Print only the lines from the top of the data through the line with "Terreno à venda", both included, skipping every picture.
*** Material for the task ***
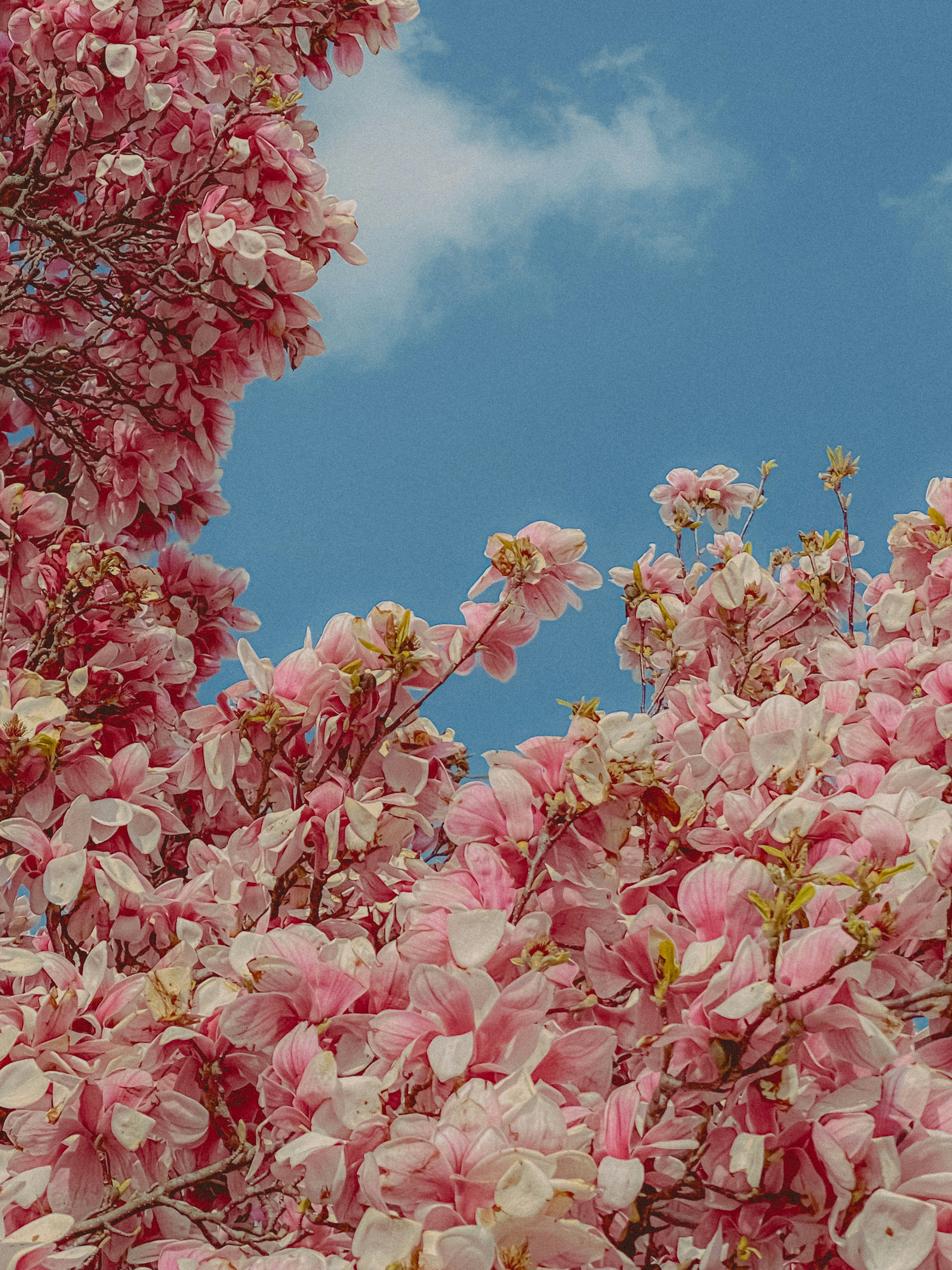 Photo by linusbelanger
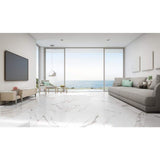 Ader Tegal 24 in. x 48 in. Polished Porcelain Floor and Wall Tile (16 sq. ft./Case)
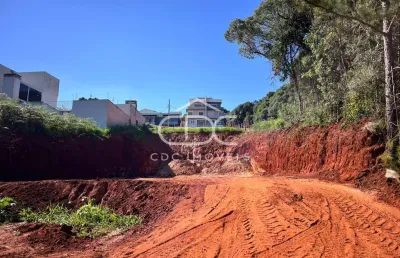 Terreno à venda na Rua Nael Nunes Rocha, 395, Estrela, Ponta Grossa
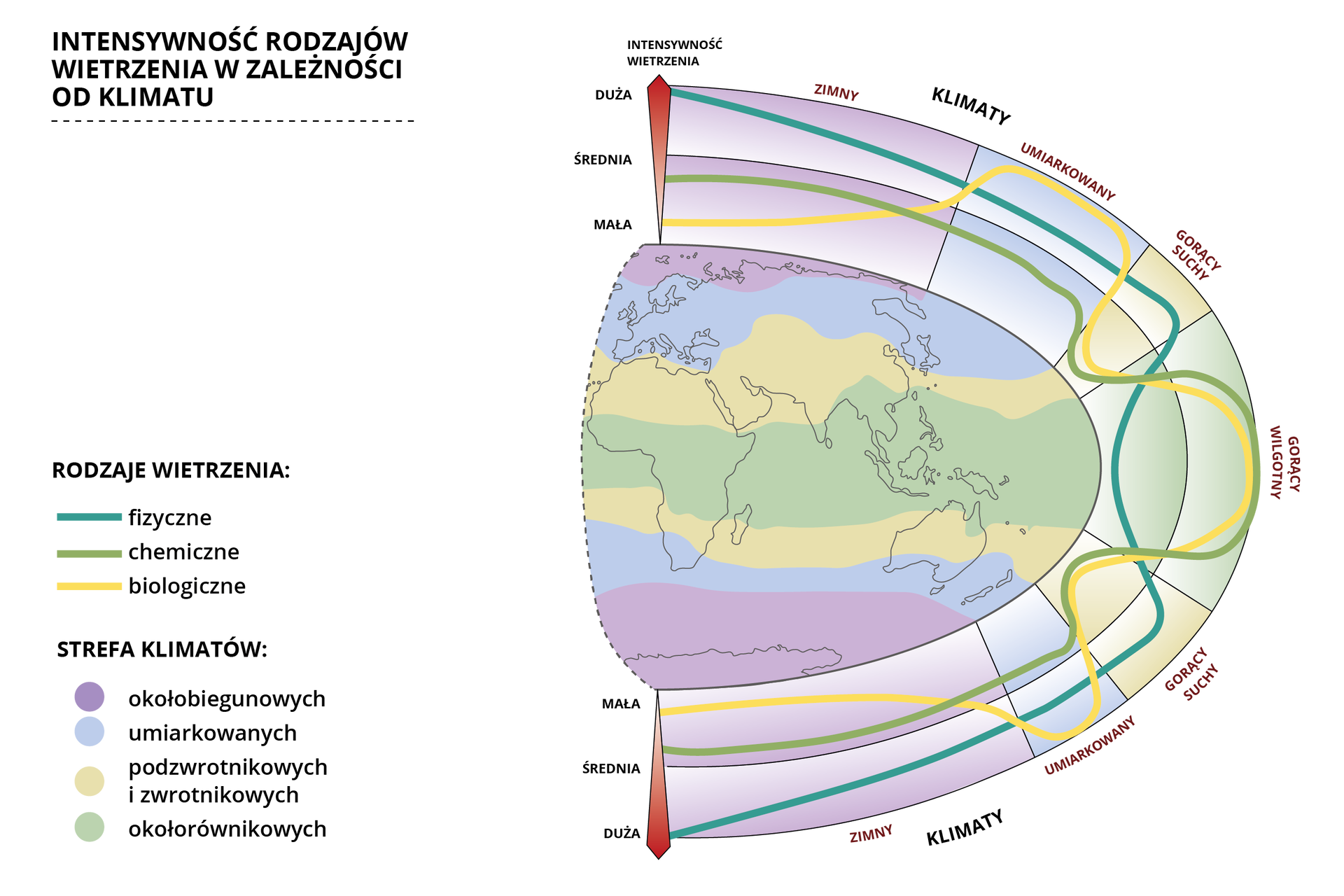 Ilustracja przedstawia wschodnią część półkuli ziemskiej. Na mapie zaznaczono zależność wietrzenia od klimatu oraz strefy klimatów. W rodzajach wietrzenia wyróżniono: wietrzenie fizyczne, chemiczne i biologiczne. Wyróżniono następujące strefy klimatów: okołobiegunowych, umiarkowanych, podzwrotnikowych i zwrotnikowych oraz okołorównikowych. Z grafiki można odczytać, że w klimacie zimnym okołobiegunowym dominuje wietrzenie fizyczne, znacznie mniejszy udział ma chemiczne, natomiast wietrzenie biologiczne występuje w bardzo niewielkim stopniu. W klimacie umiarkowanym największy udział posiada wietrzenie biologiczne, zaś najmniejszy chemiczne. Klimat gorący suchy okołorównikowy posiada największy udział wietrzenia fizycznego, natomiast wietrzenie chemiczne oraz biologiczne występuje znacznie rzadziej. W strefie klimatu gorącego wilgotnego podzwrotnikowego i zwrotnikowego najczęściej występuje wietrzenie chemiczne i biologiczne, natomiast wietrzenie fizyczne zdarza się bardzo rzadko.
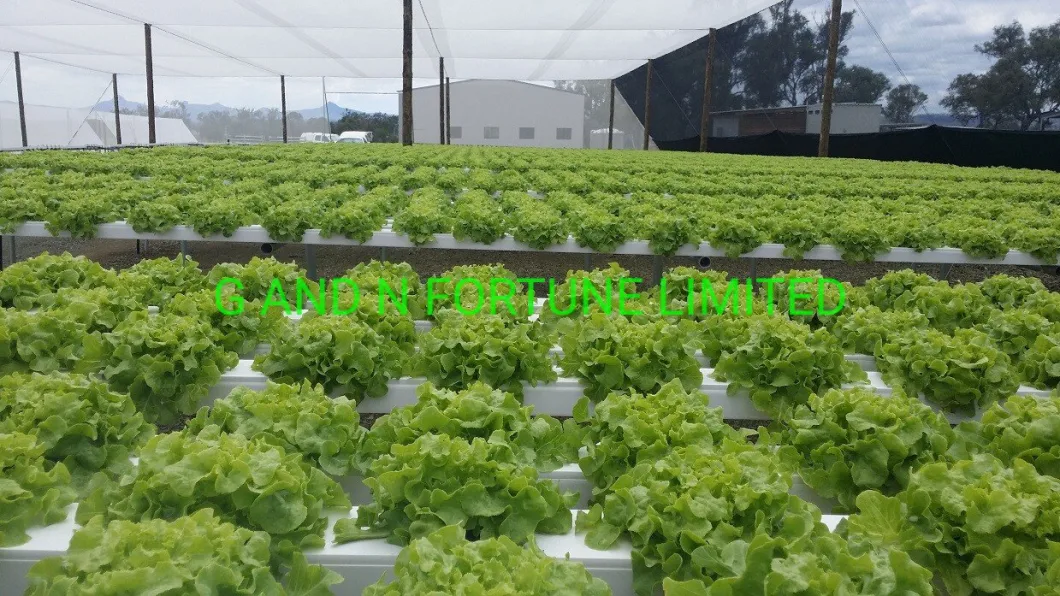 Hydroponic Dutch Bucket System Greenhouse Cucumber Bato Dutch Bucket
*** End of Material for the task ***
[Output below]
 Photo by linusbelanger
 Ader Tegal 24 in. x 48 in. Polished Porcelain Floor and Wall Tile (16 sq. ft./Case)
 Terreno à venda na Rua Nael Nunes Rocha, 395, Estrela, Ponta Grossa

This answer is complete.